Any predictions for the future?
Germany is the biggest country in Europe and therefore potentially the biggest market. Them moving towards a pilot project will help to remove the stigma around cannabis medically and thereafter recreationally. The Netherlands have chosen their ten growers which means that the stock that is bought by the coffee shops will be legal. The pilot project in Switzerland is well under way and seems to be running smoothly. In Europe we are therefore seeing that the medical market is growing and that it is supported and soon the data from the recreational projects will start coming in. The duty of the government is now to collect this data and show the proof that they want a better product, that they want to protect minors and that they want to suppress the black market. Once they have proven that, the progress of the recreational market will continue. I see this happening in Europe, but I also see this happening in Africa and other continents. I think that the economic South will play a big role in moving forward. This will only happen if the market opens for free trade.
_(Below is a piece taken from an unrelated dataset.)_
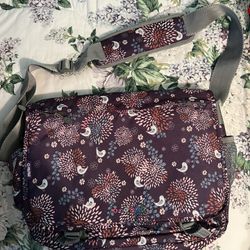 J World New York Messenger Laptop Bag purple Floral Birds Canvas Carry Strap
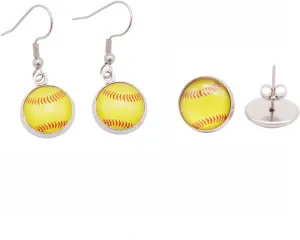 2 Pairs of Stainless Steel Softball Earrings for Women Hypoallergenic Glass Softball Cabochon Earring Studs Hooks Softball Player Fan Gift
Everybody has their eye on Thailand even though the rest of Asia is very conservative. Tourism from China to Thailand will also help the normalization process. Lastly: It is also important to create a critical mass to change EU law. If Germany wants to change it, if Portugal wants to change it, if Czech Republic wants to change it then these countries must stand together and change EU law. Free trade is part of the Schengen agreement and must be pursued by all countries interested in this.
A final word?
There are currently 150-170 growers in Germany. Mostly they are one hit wonders. They grow one crop and cannot follow it up with a crop that is similar. Sustainable sales and revenue are only possible if you have the correct cannabis management software helping to have stable products in the end.